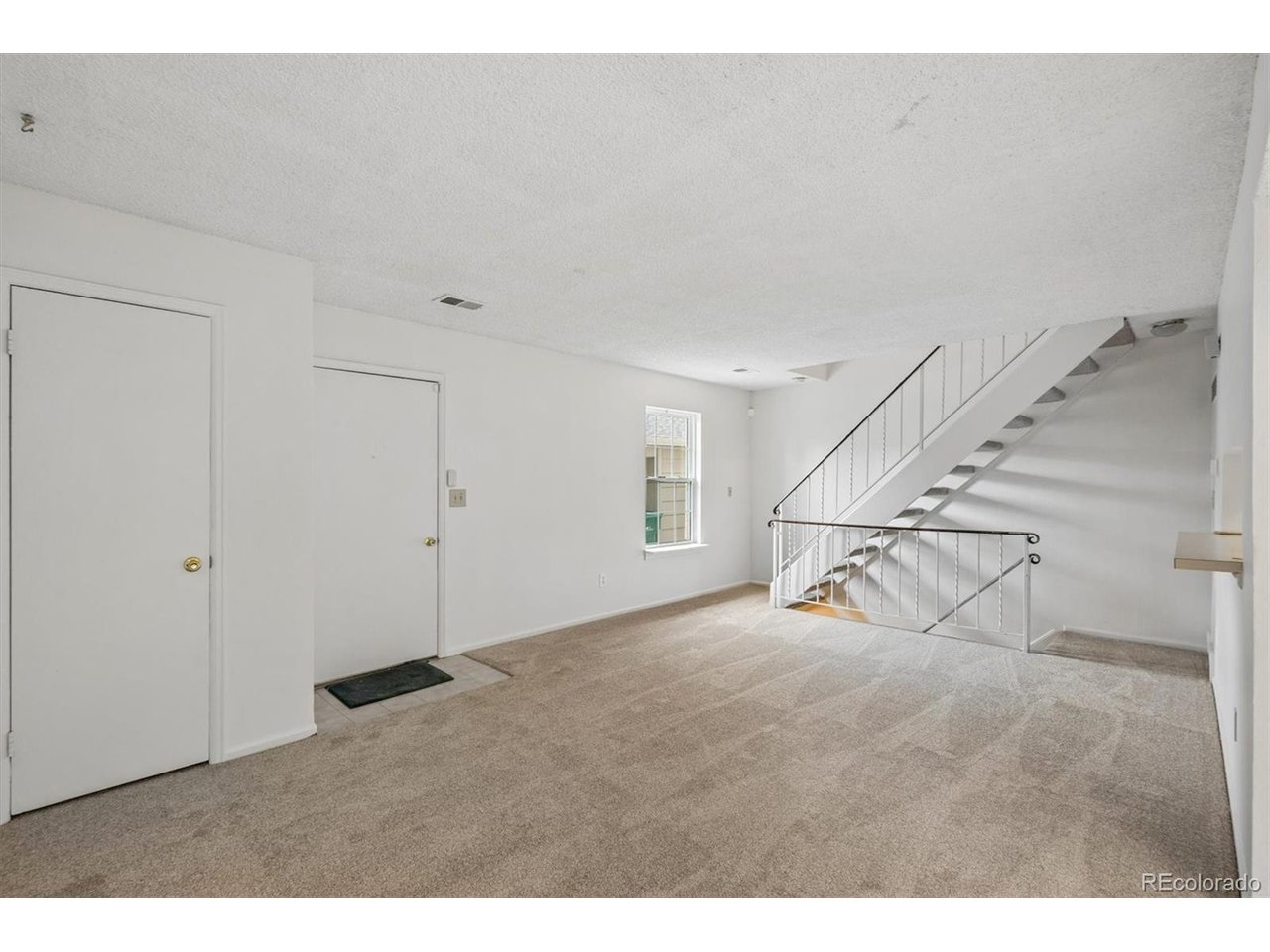 16 Amesbury St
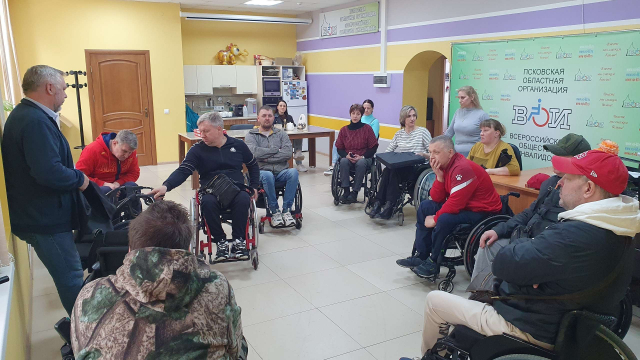 В Псковской областной организации  ВОИ прошло тестирование новых инвалидных колясок активного типа  iCross Active
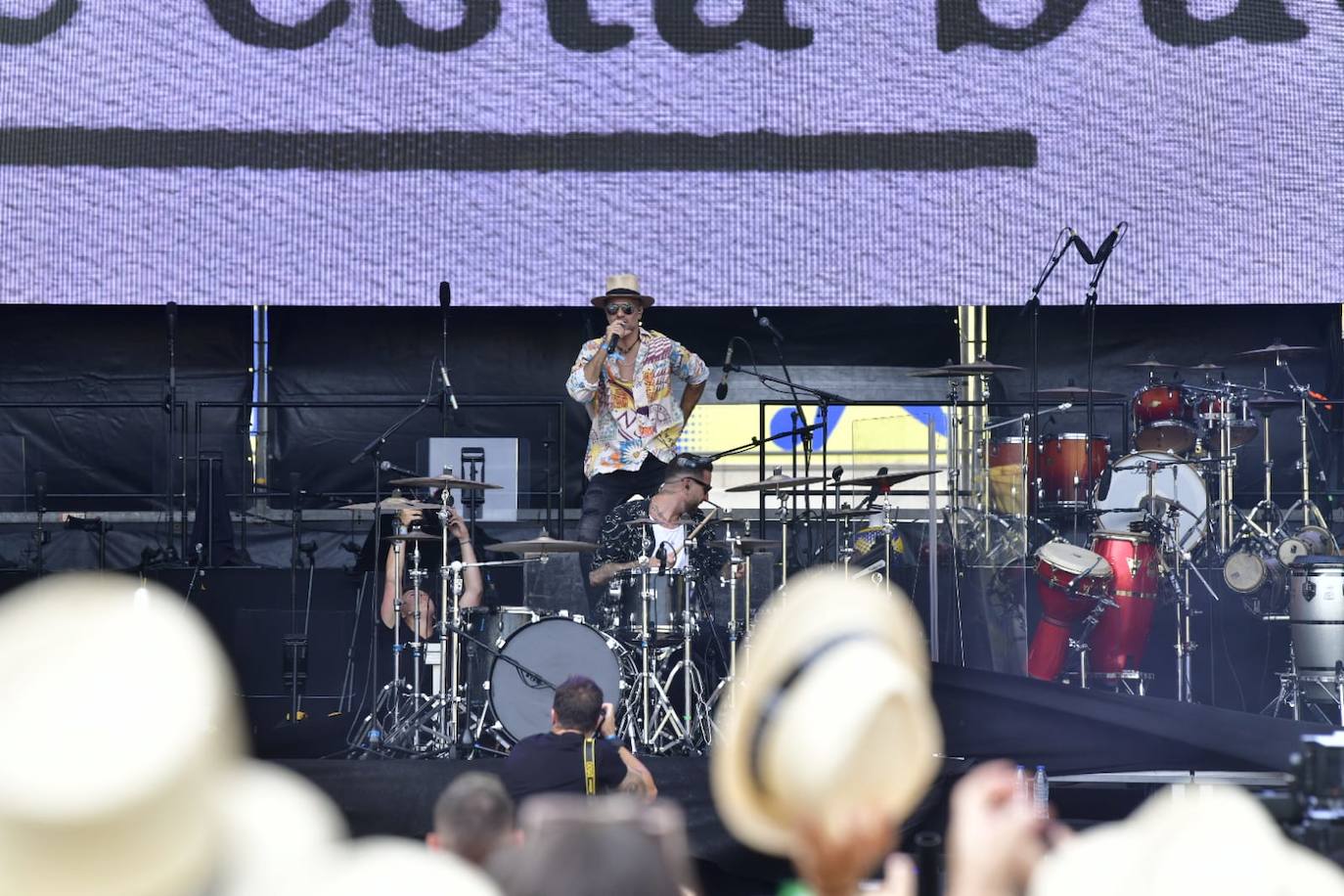 Fotos: El Granca Live Fest sube la temperatura con Efecto Pasillo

■ ■ ■ ■ ■ ■ ■

Problem description: Everything from the line that contains "В Псковской областной" to the final line of the data is to be duplicated exactly, both ends included, except the pictures.

Answer box:
 В Псковской областной организации  ВОИ прошло тестирование новых инвалидных колясок активного типа  iCross Active
 Fotos: El Granca Live Fest sube la temperatura con Efecto Pasillo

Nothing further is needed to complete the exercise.